Record excerpts below:

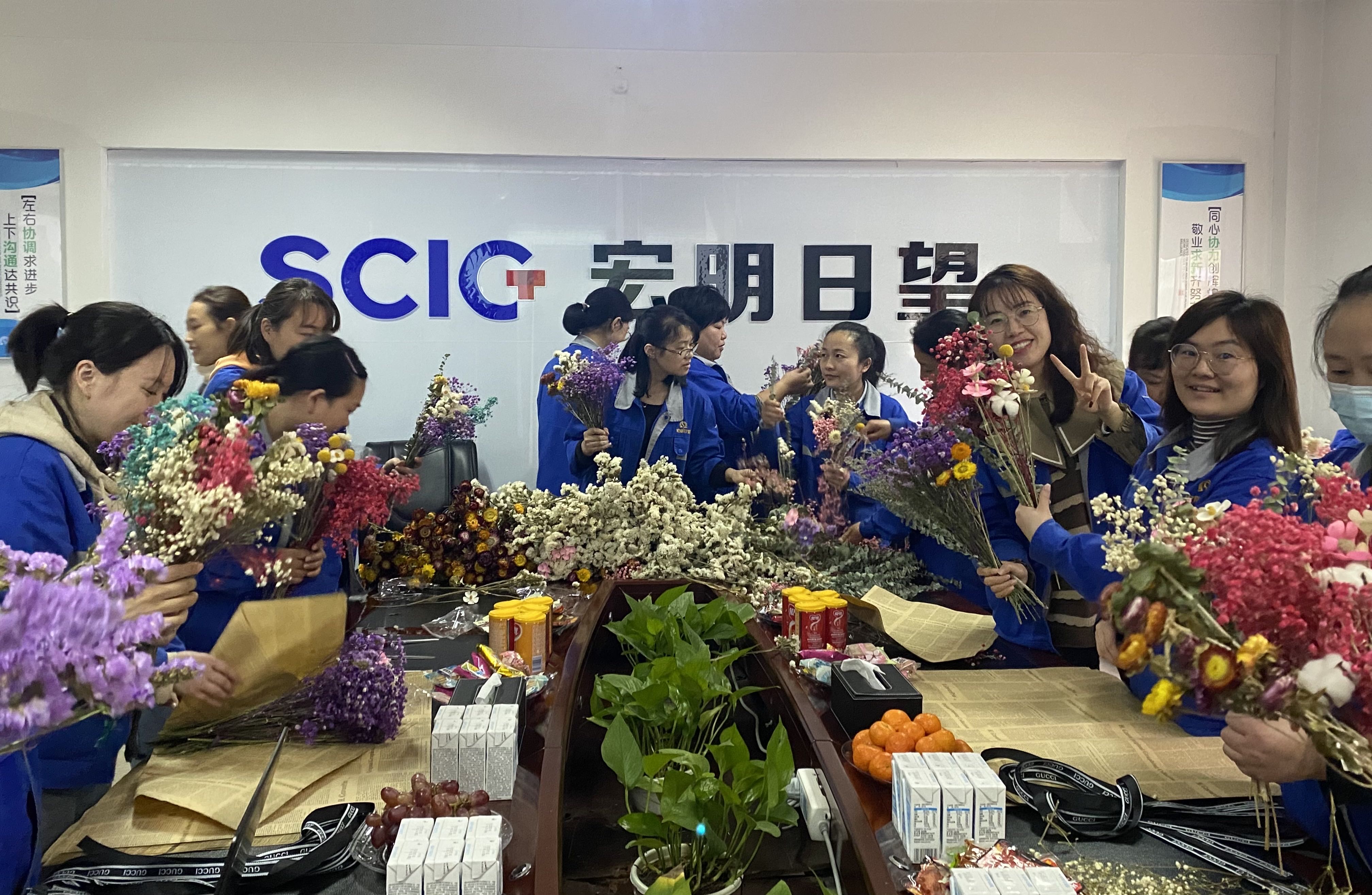 华体会·体育-华体会（中国）
,宏明日望,株洲电子科技,湖南电容器,株洲电容器,电容器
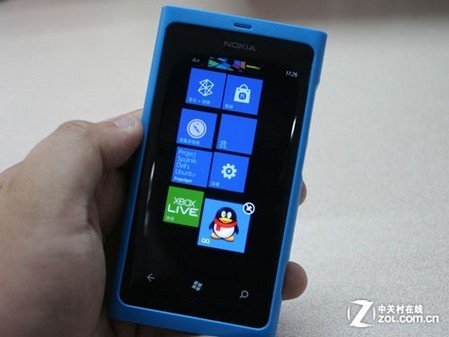 Windows PhoneֻŲָ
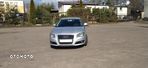 Audi A3 1.4 TFSI Attraction - 1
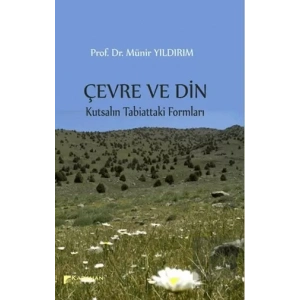 Çevre ve Din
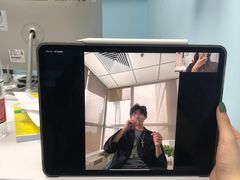 -新航道雅思托福·留学·考研培训(人民广场校区)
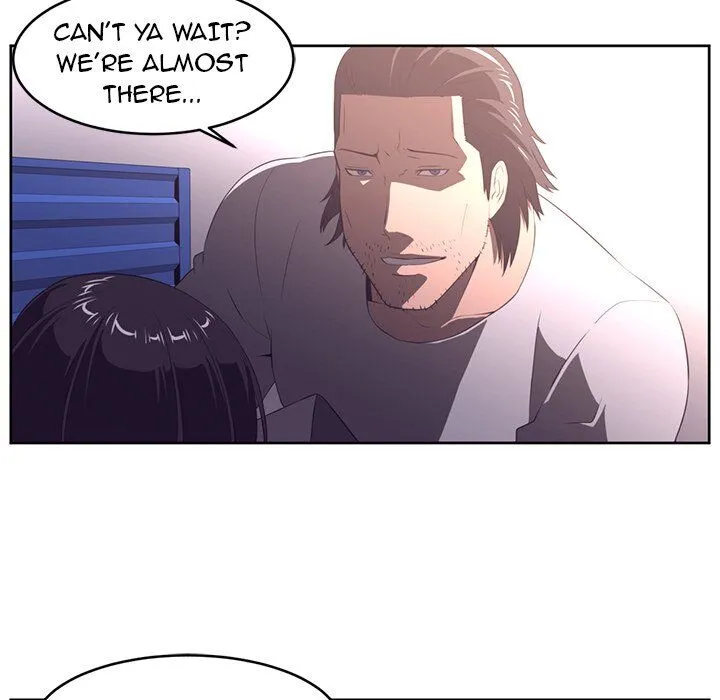 Read Happening chapter 29 image 72 on Lezhin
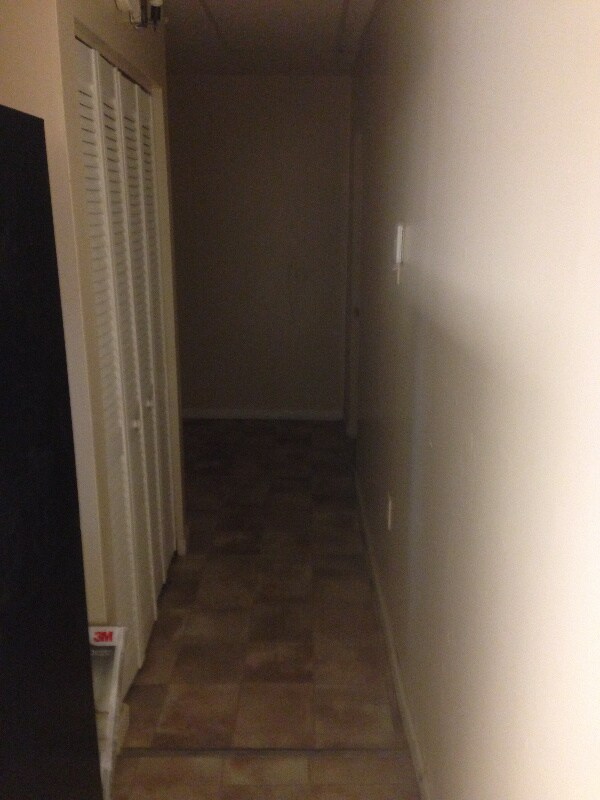 1362 Pitkin Rd unit 8, Leesville, LA 71446 - photo 5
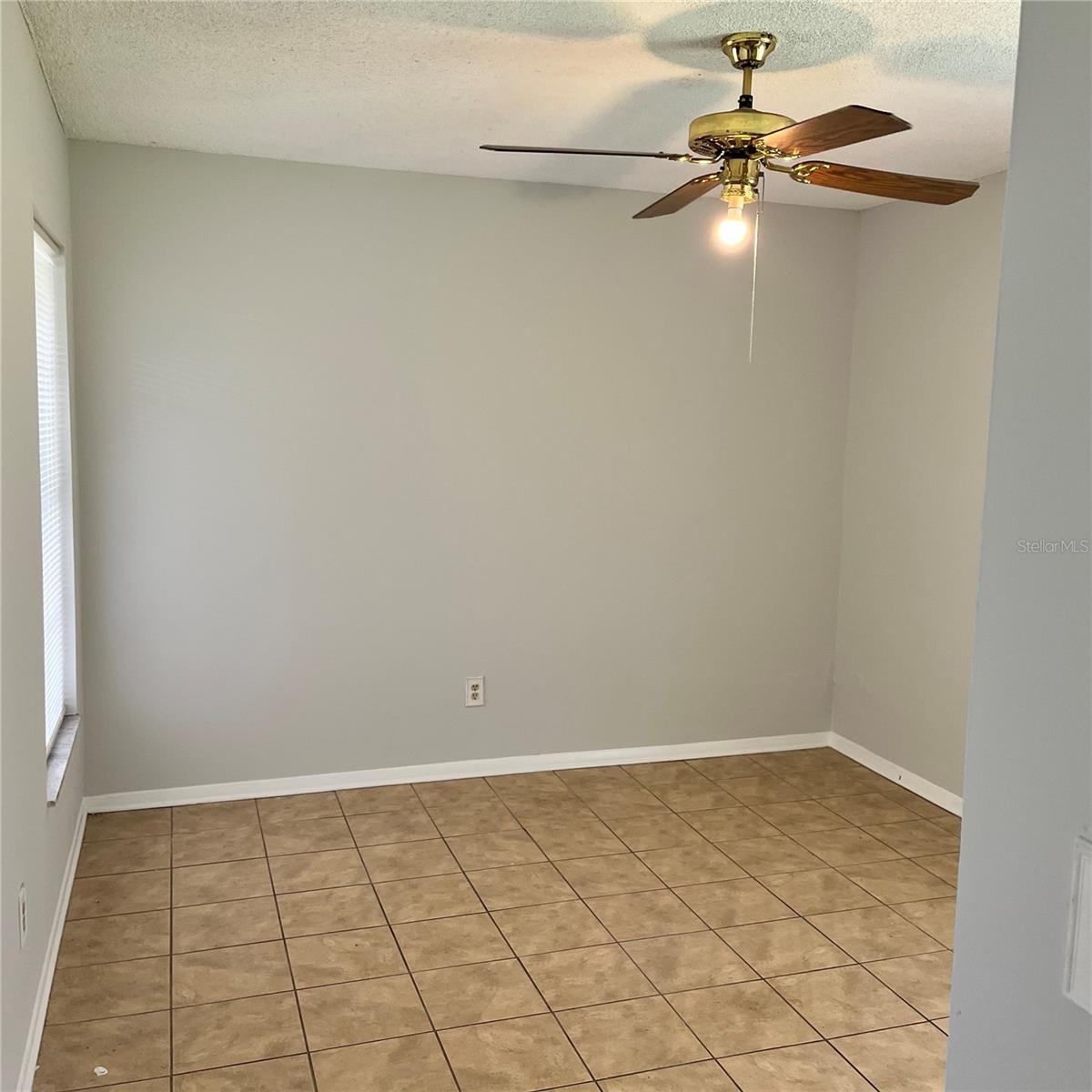 207 Birch Terrace Property Photo 16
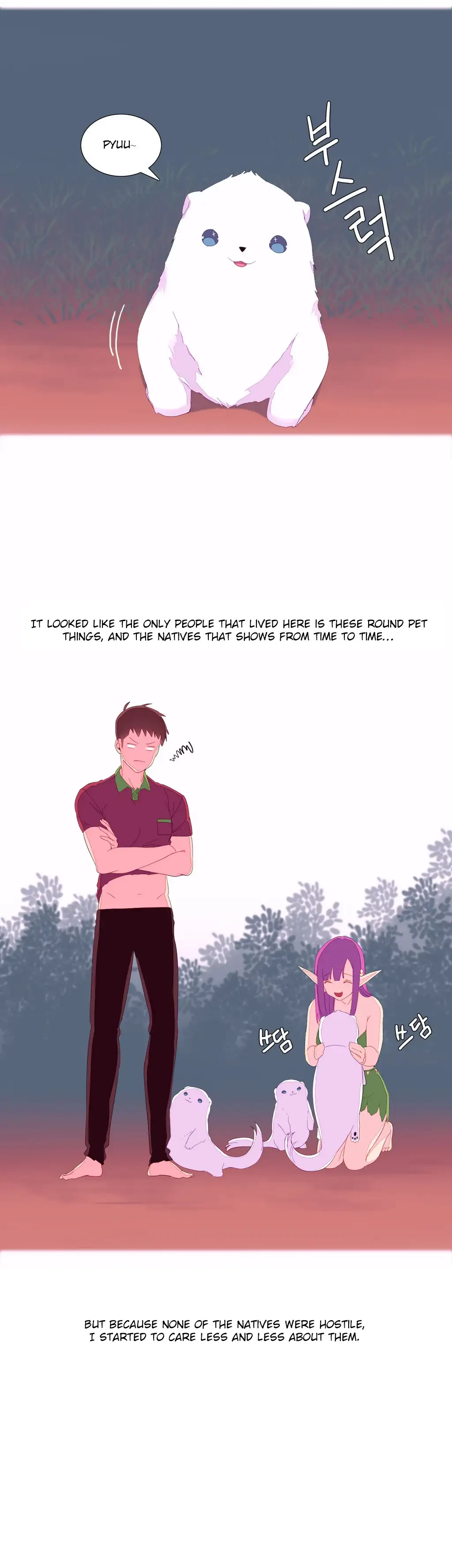 Chapter 6, page 6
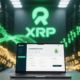 XRP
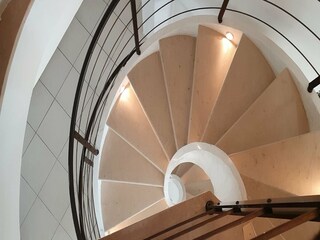 Ferienhaus L'Escaillon  41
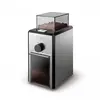 ყავის საფქვავი DELONGHI - KG89  - Primestore.ge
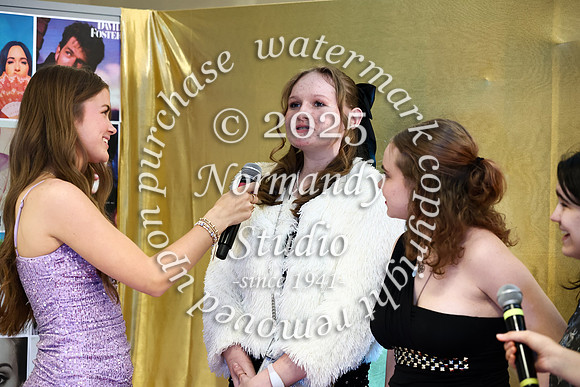 LIB_red carpet_55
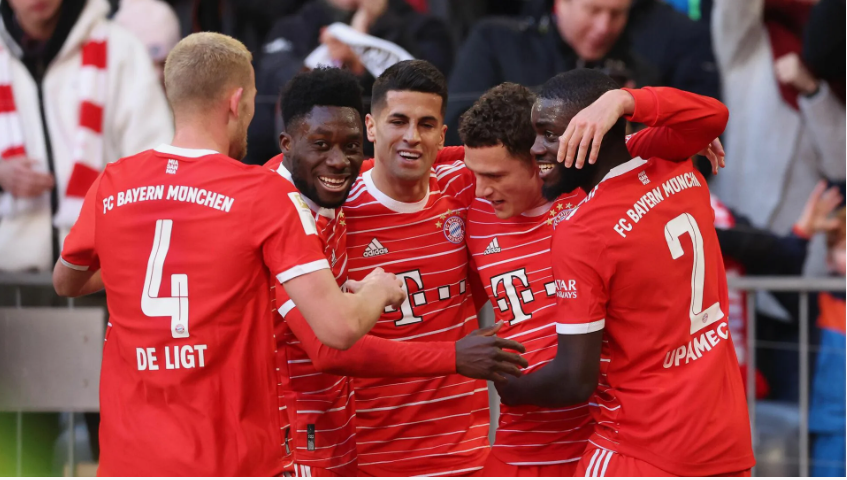 майнц бавария майнц бавария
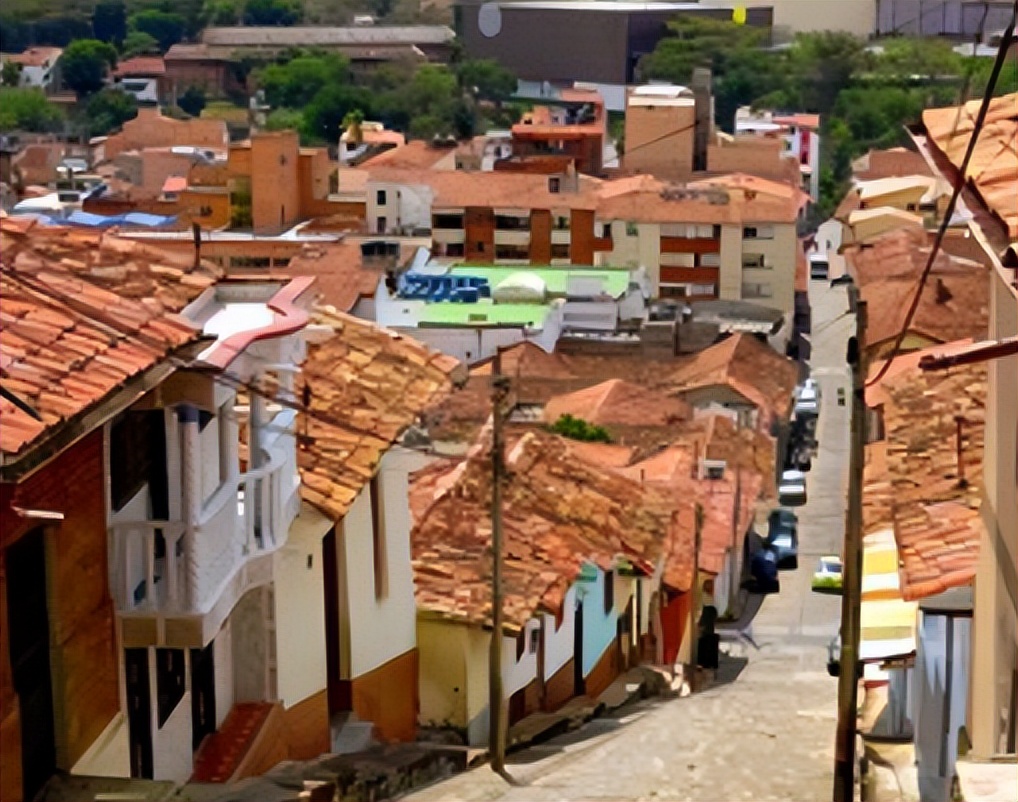 评价西班牙征服美洲的行为,西班牙人征服美洲原因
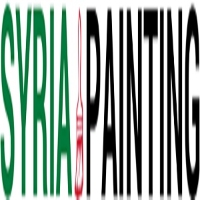 Syria Painting Service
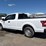 2019-ford-f150-image-4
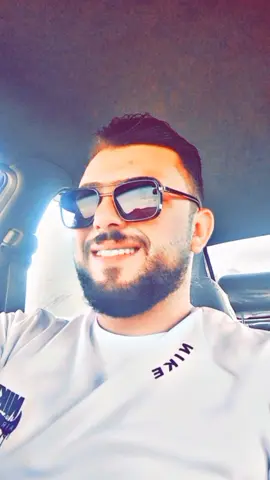 #اكسبلور #متابعه❤️ #موصل #كركوك #اربيل_دهوك_سليمانية_كركوك_بغداد #بغداد_بصرة_موصل_الكويت_الخليج_دبي_ #شيخان_باعدر_مهت_خانكي_شارية_شيخكا #تركيا🇹🇷اسطنبول #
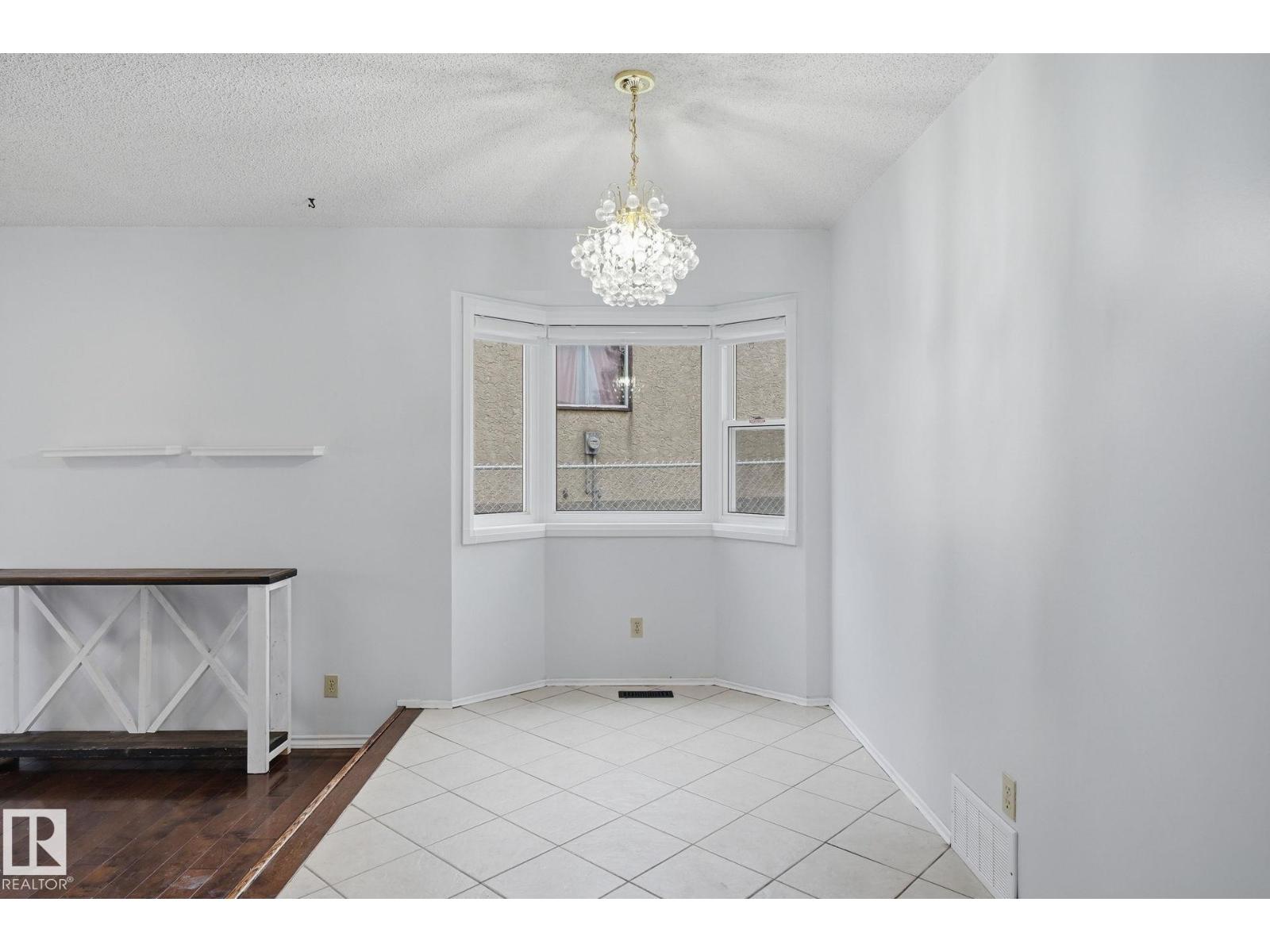Property photograph 5 for MLS E4510628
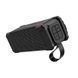 Портативна колонка HOCO HC6 Magic sports BT speaker, 10W*2, IPX6, Black 881746332 фото 1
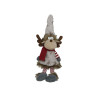 CERF ASSIS 15X14X55CM ARDEN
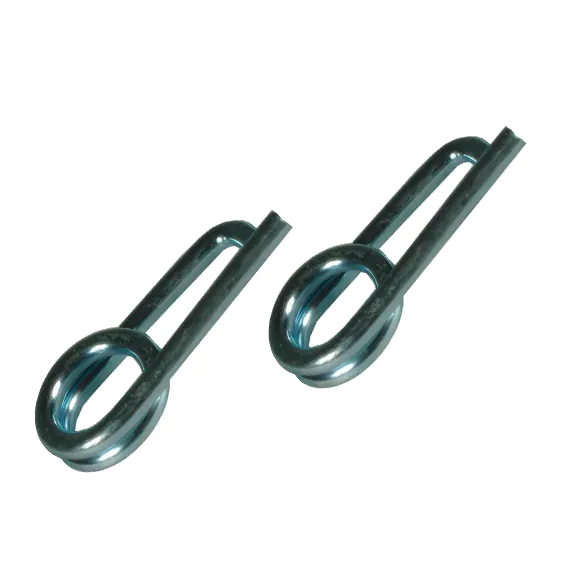 Clutch Parts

End of Record excerpts.

*Assignment:* Only the records themselves, retyped exactly, belong in the answer; please leave all images behind.

*Answer to this problem:*
 华体会·体育-华体会（中国）
,宏明日望,株洲电子科技,湖南电容器,株洲电容器,电容器
 Windows PhoneֻŲָ
 Audi A3 1.4 TFSI Attraction - 1
 Çevre ve Din
 -新航道雅思托福·留学·考研培训(人民广场校区)
 Read Happening chapter 29 image 72 on Lezhin
 1362 Pitkin Rd unit 8, Leesville, LA 71446 - photo 5
 207 Birch Terrace Property Photo 16
 Chapter 6, page 6
 XRP
 Ferienhaus L'Escaillon  41
 ყავის საფქვავი DELONGHI - KG89  - Primestore.ge
 LIB_red carpet_55
 майнц бавария майнц бавария
 评价西班牙征服美洲的行为,西班牙人征服美洲原因
 Syria Painting Service
 2019-ford-f150-image-4
 #اكسبلور #متابعه❤️ #موصل #كركوك #اربيل_دهوك_سليمانية_كركوك_بغداد #بغداد_بصرة_موصل_الكويت_الخليج_دبي_ #شيخان_باعدر_مهت_خانكي_شارية_شيخكا #تركيا🇹🇷اسطنبول #
Property photograph 5 for MLS E4510628
 Портативна колонка HOCO HC6 Magic sports BT speaker, 10W*2, IPX6, Black 881746332 фото 1
 CERF ASSIS 15X14X55CM ARDEN
 Clutch Parts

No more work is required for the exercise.